(What is being asked)
The output should match, line for line, the records from the line containing "Fernando Torres dedicatoria" through the line containing "Bed in Hotel Pazifico en Monterrico", with every picture left out.

(Records provided)
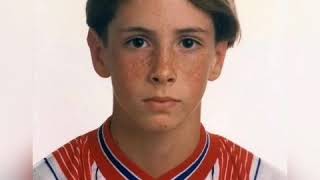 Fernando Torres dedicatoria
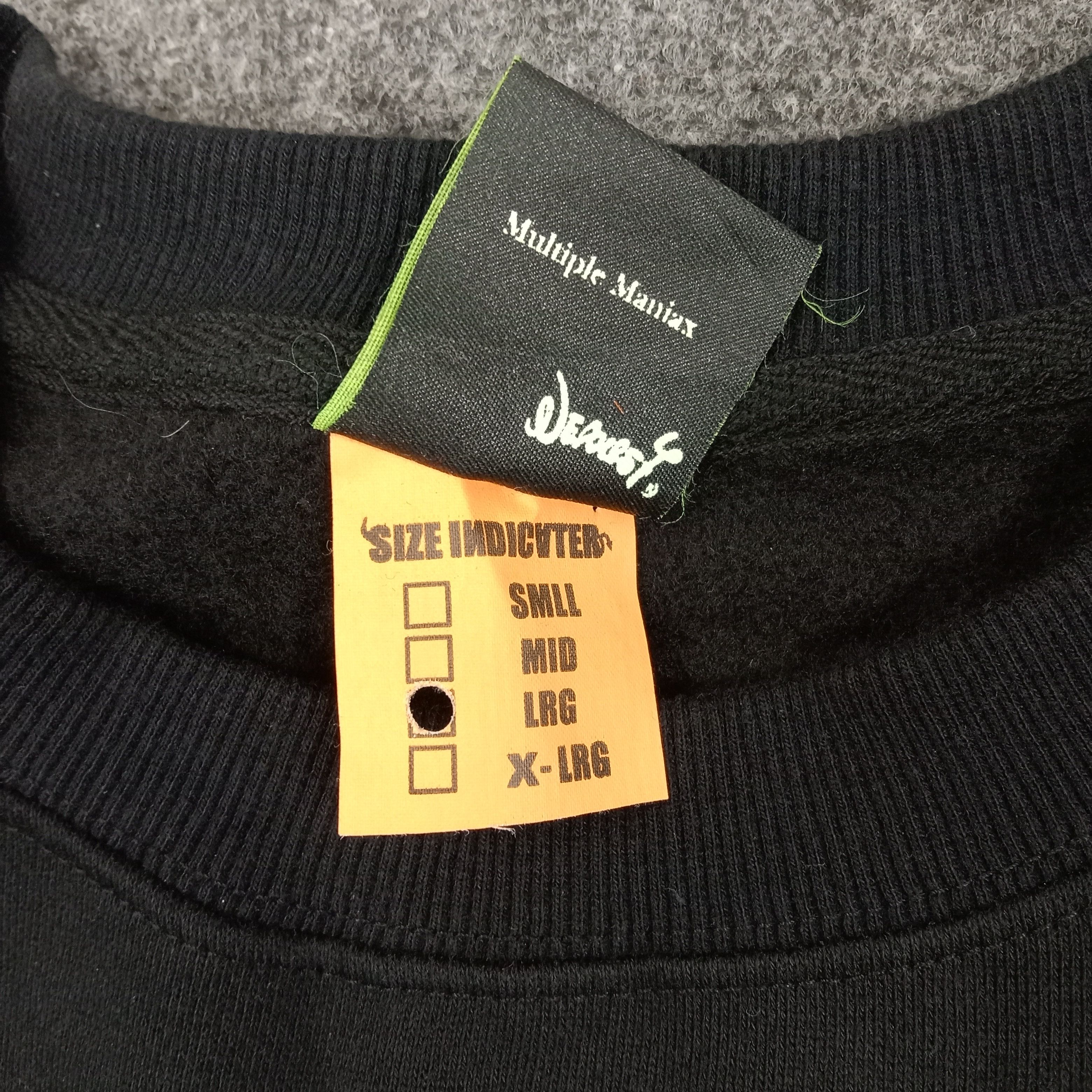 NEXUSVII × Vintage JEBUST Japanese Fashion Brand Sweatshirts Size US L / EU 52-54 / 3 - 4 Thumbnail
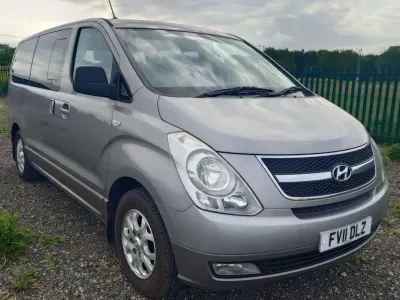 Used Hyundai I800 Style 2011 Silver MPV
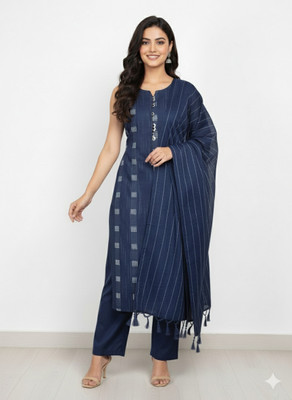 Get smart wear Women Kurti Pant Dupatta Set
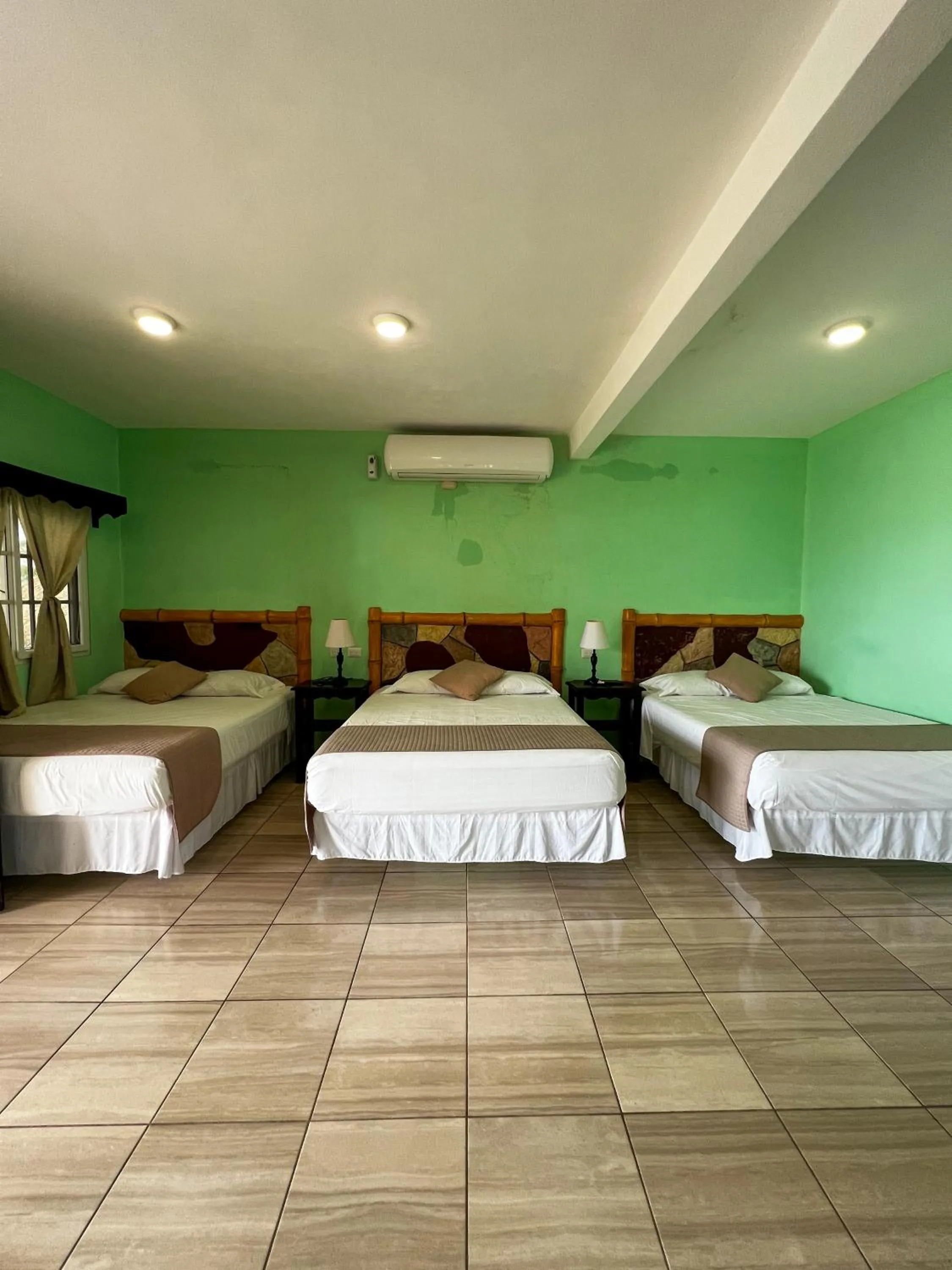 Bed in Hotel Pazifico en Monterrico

--

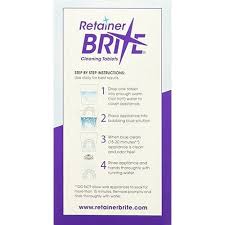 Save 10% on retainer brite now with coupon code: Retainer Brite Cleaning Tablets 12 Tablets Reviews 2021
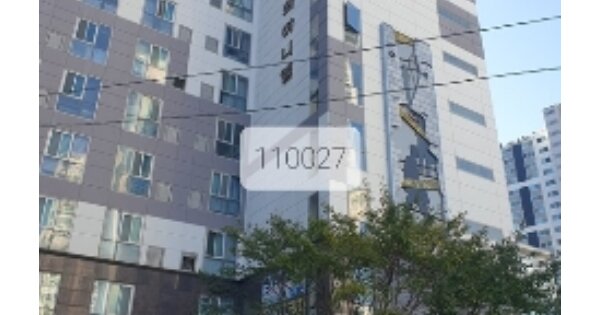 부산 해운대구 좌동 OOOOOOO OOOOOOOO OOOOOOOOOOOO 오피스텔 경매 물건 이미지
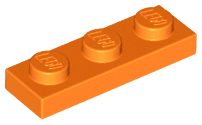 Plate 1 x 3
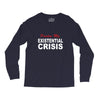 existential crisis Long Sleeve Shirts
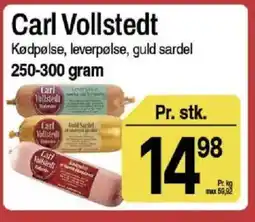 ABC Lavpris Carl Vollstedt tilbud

--

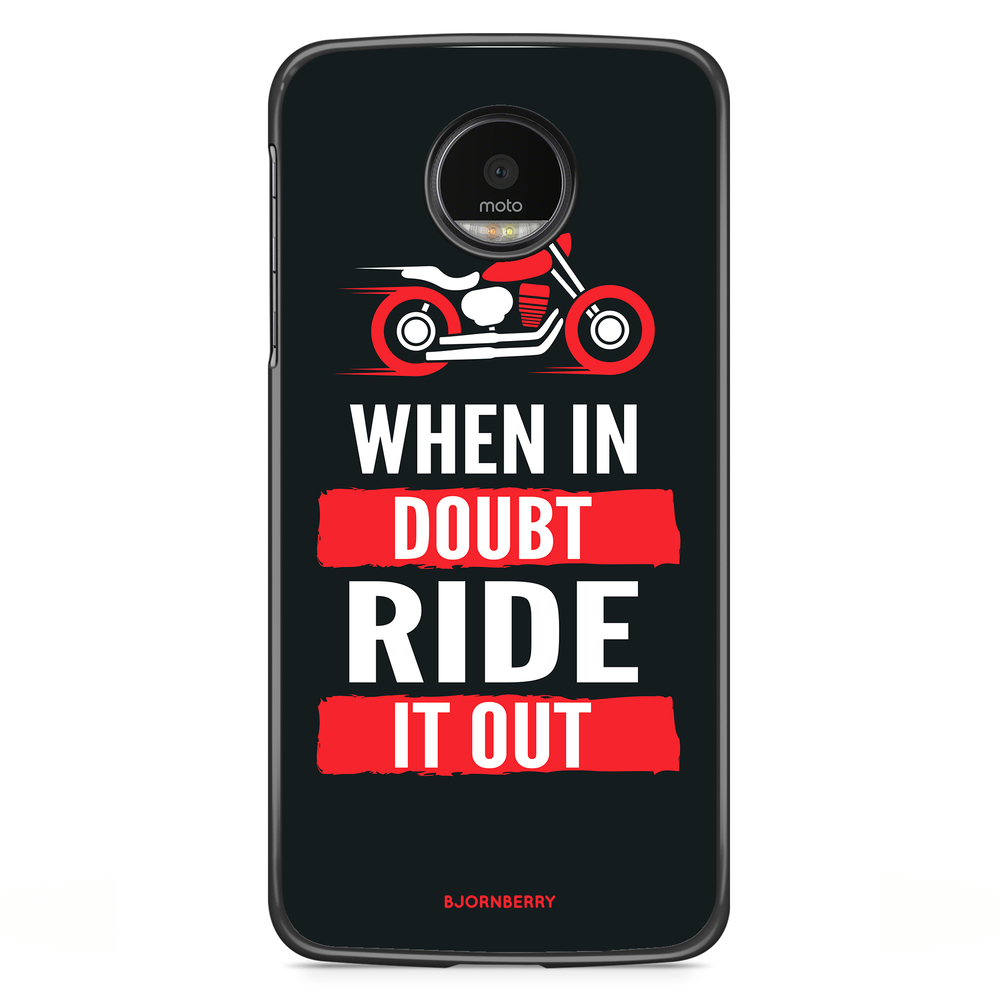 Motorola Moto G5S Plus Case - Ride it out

(Exercise answer)
 Fernando Torres dedicatoria
 NEXUSVII × Vintage JEBUST Japanese Fashion Brand Sweatshirts Size US L / EU 52-54 / 3 - 4 Thumbnail
 Used Hyundai I800 Style 2011 Silver MPV
 Get smart wear Women Kurti Pant Dupatta Set
 Bed in Hotel Pazifico en Monterrico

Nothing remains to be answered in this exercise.